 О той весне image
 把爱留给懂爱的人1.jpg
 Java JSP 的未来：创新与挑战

..........

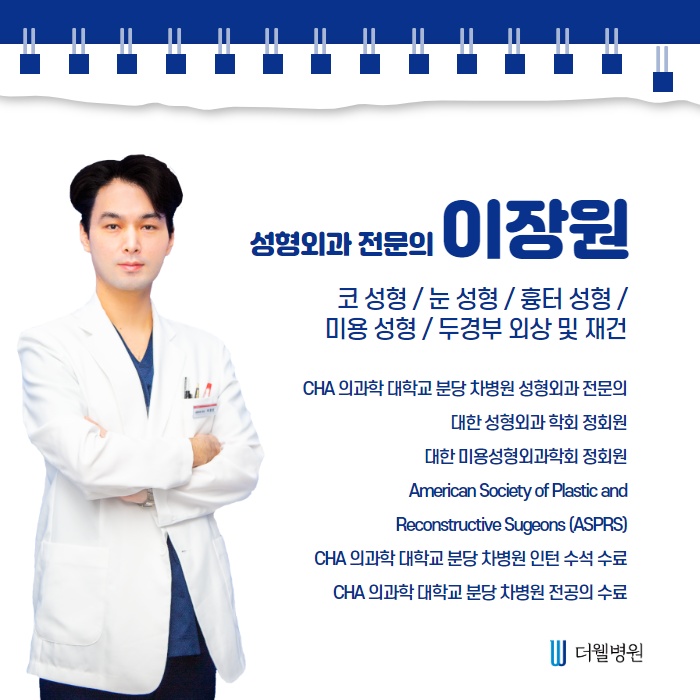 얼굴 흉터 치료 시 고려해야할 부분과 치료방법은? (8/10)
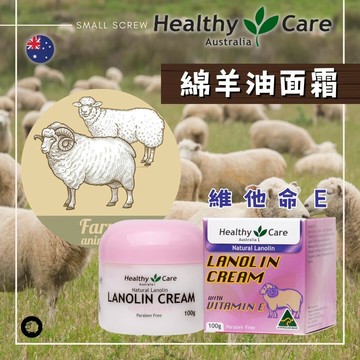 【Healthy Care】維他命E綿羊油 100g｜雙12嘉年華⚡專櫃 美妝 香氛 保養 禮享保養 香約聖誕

..........

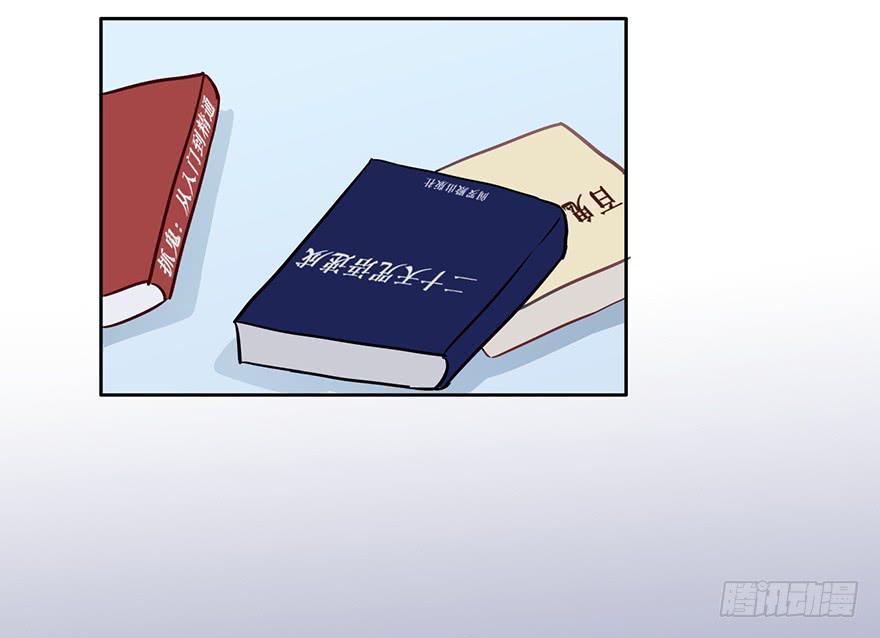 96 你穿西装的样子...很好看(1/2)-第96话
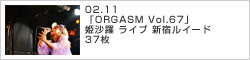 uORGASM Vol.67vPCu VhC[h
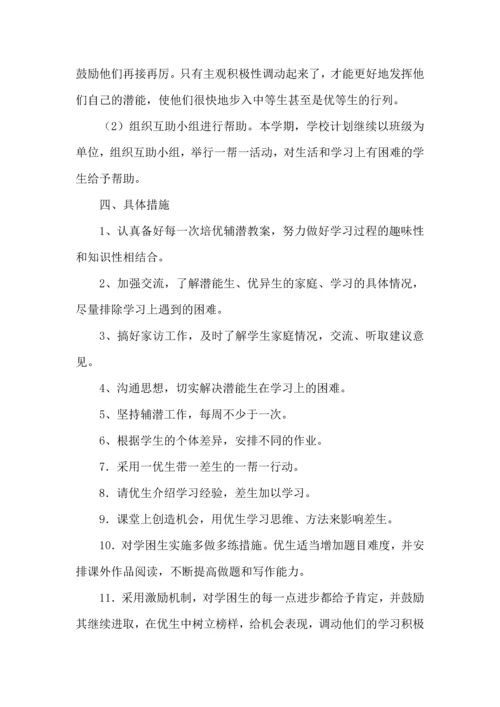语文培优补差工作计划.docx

..........

● **Problem details**
Drop the pictures; return the lines above from the line containing "얼굴 흉터 치료 시 고려해야할 부분과 치료방법은? (8/10)" to the line containing "保養 禮享保養 香約聖誕", both included, exactly.

● **Response**
 얼굴 흉터 치료 시 고려해야할 부분과 치료방법은? (8/10)
 【Healthy Care】維他命E綿羊油 100g｜雙12嘉年華⚡專櫃 美妝 香氛 保養 禮享保養 香約聖誕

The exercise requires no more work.